The risk level and sensitivity of the dataset determine the level of anonymity it needs to achieve.
Conducting a risk assessment, evaluating the sensitivity and identifiability of the data, and the data storage repository option(s), can help determine an acceptable k value that balances privacy and utility. Sharing the data by storing it with unrestricted access on a public repository (e.g. Borealis, FRDR) would need the data to be more thoroughly anonymized with a larger k value to protect information of research participants. In comparison, the original, identifiable data may need to be stored with restricted access on secure storage (e.g. institutional encrypted data storage, McMaster University’s Secure Empirical Analysis Lab, Digital Research Alliance Canada’s Controlled Access Management Pilot).

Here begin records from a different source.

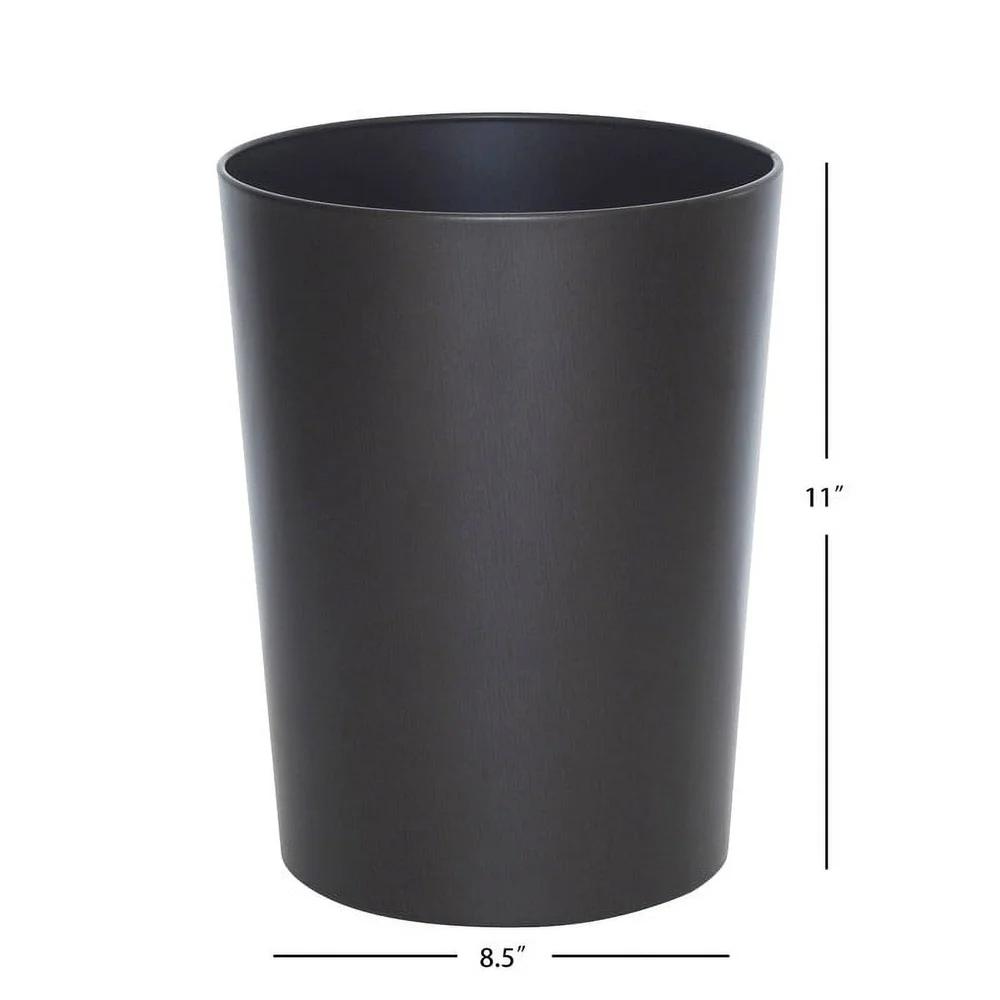 Bronze Metal Bathroom Wastebasket Decorative Trash Container Sleek Design Durable Open Top Indoor Use Household Bin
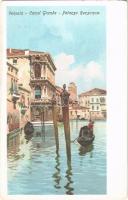 Venezia, Venice; Canal Grande, Palazzo Rezzonico. litho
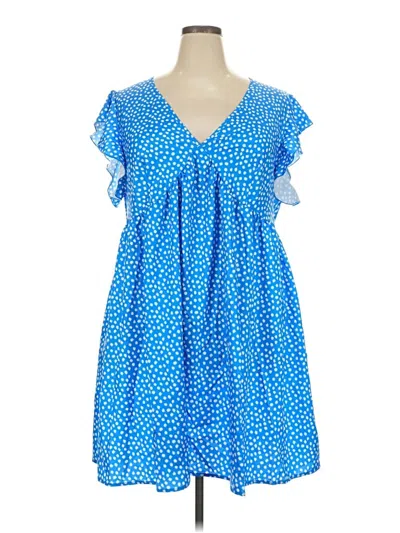 Pre-owned Unbranded Kimono In Blue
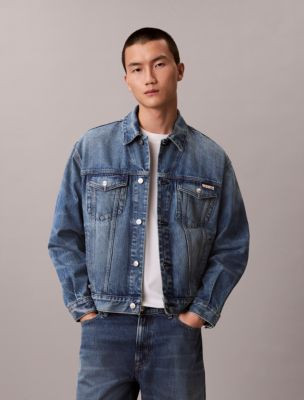 90s Denim Trucker Jacket | Calvin Klein | Calvin Klein (US)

Balancing privacy with loss of utility is specific to each dataset and is, unavoidably, for the researcher to evaluate. Some datasets, due to limited size, unavoidable identifiability, specific context or significant sensitivity, may not have an appropriate k value that sufficiently anonymizes the dataset to be shared openly. K-anonymization is a useful technique applicable to a broad range of data, but it does have its limitations.
The necessary security and privacy measures are best worked out between the researcher and the relevant ethics and privacy bodies, ideally at the initial design stage of the research. This may include not collecting identifying data that do not serve any utility to the research question.
K-anonymity is not the only statistical method to assess the level of identifiability of a dataset. Other methods, such as L-diversity and T-closeness, while are not supported by Amnesia, might also be useful in de-identifying your datasets. There are other software tools available to apply these additional techniques and measure the identifiability with a dataset, such as sdcMicro and ARX, and may be worth exploring further.